Non sono degli eletti, dei "predestinati" a diventare campioni. Guardiamo le loro famiglie: il padre di Sinner era cuoco, la madre cameriera in un rifugio alpino, il padre di Alcaraz gestiva un locale di kebab, mentre i genitori di Jasmine Paolini avevano un piccolo bar. Il padre di Musetti lavorava in una cava di marmo. Persone impiegate in lavori normalissimi, faticosi, come quelli di tantissime famiglie. Eppure i loro figli oggi sono tra i più forti del mondo. E certo, anche ricchi.
Tu che leggi forse sogni di diventare un tennista o una tennista famosa, o forse vuoi fare l’ingegnere, la fisioterapista, il fotografo, la cuoca, l’insegnante, oppure non lo sai ancora, ed è normalissimo. Ma qualunque sia il tuo sogno ha bisogno di impegno. Non di perfezione: di impegno. La scuola è il primo luogo in cui impari questa cosa, la tua palestra. Non perché ti serva ricordare ogni data o formula, ma perché ti allena al lavoro paziente, alla costanza, alla disciplina di provarci ancora, anche quando non ne hai voglia.

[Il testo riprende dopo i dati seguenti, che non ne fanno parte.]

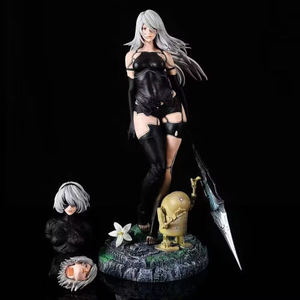 <span class=keywords><strong>Yorha</strong></span> ตุ๊กตาสะสมโมเดลฟิกเกอร์อนิเมะรุ่น9S น้องสาว2B สาวสวย <span class=keywords><strong>yorha</strong></span> A2 <span class=keywords><strong>Nier</strong></span>: automata
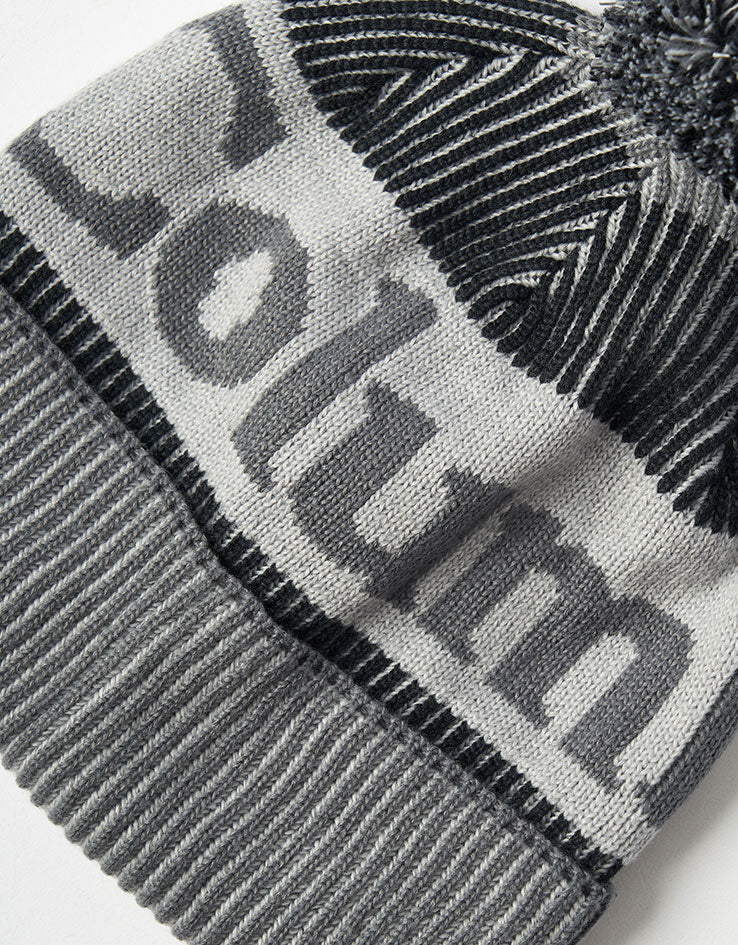 Columbia Polar Powder™ III Beanie - City Grey/Black/Columbia Grey - Image 2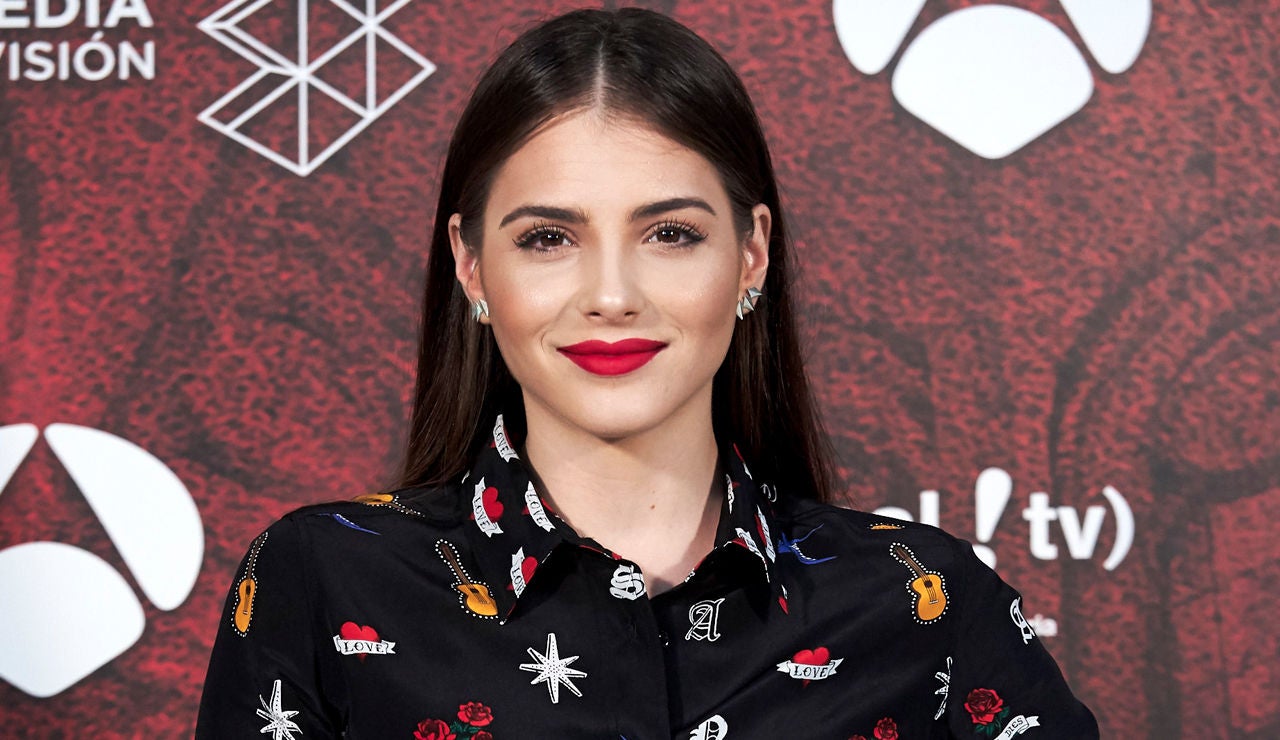 Andrea Duro volverá a ser Yoli en 'FoQ: el reencuentro'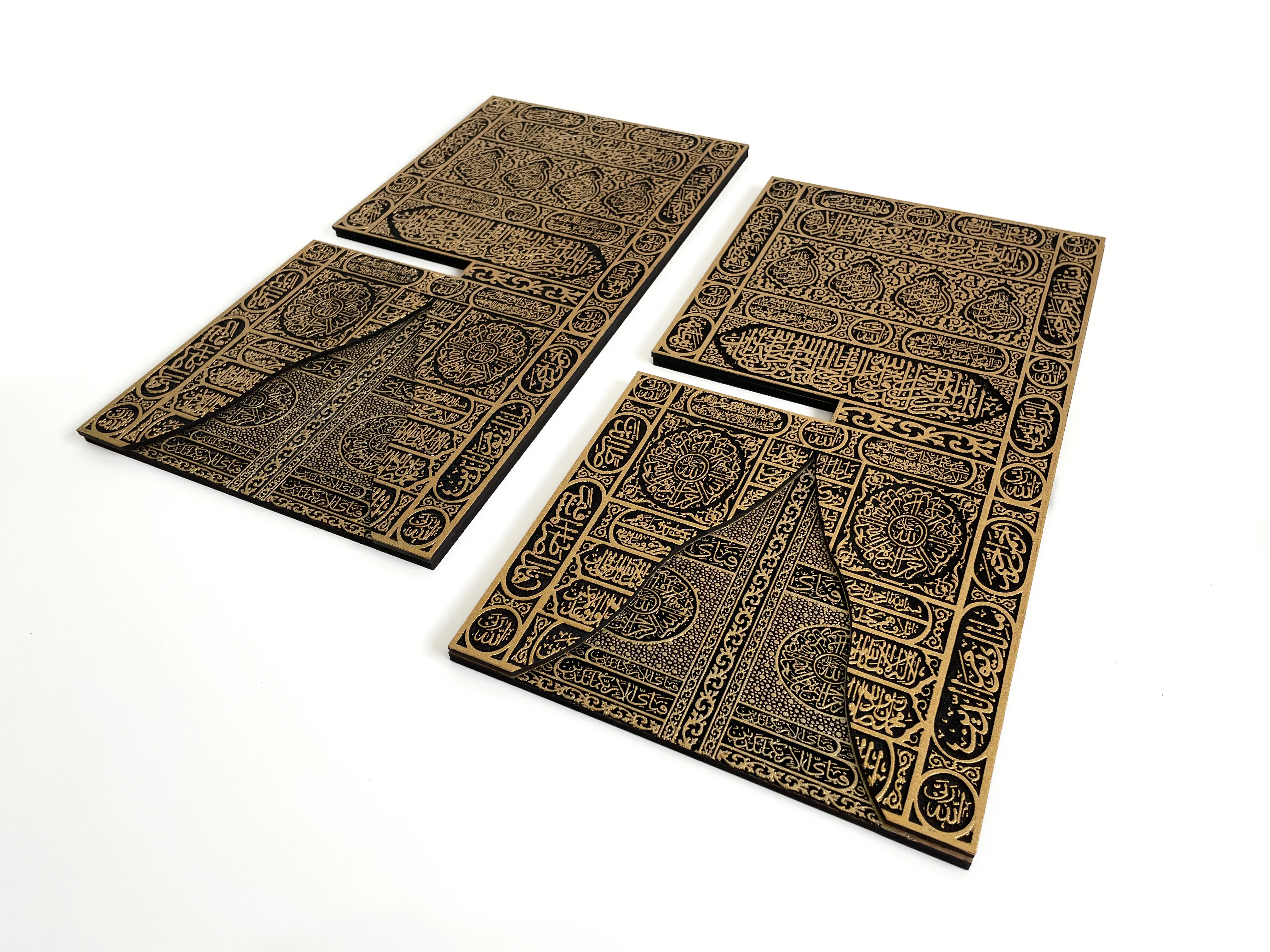 Engraved Qur'an Holder - Image 3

Dietro ogni tennista che alza un trofeo ci sono genitori che lo accompagnavano agli allenamenti, allenatori che credevano in lui, amici che gli dicevano “non mollare”. Nessuno diventa qualcuno senza l’aiuto di qualcun altro. Ma l’energia iniziale, quella che fa partire tutto, deve venire da dentro: da te. Non pensare che il tuo futuro sia deciso da dove sei nato o da che lavoro fanno i tuoi genitori.
Il futuro comincia quando inizi a costruirlo. Un piccolo passo, un tentativo, un esercizio, un gesto che sembra niente. Ma è così che ci si avvicina ai propri sogni: un giorno alla volta, con la testa alta e il cuore acceso.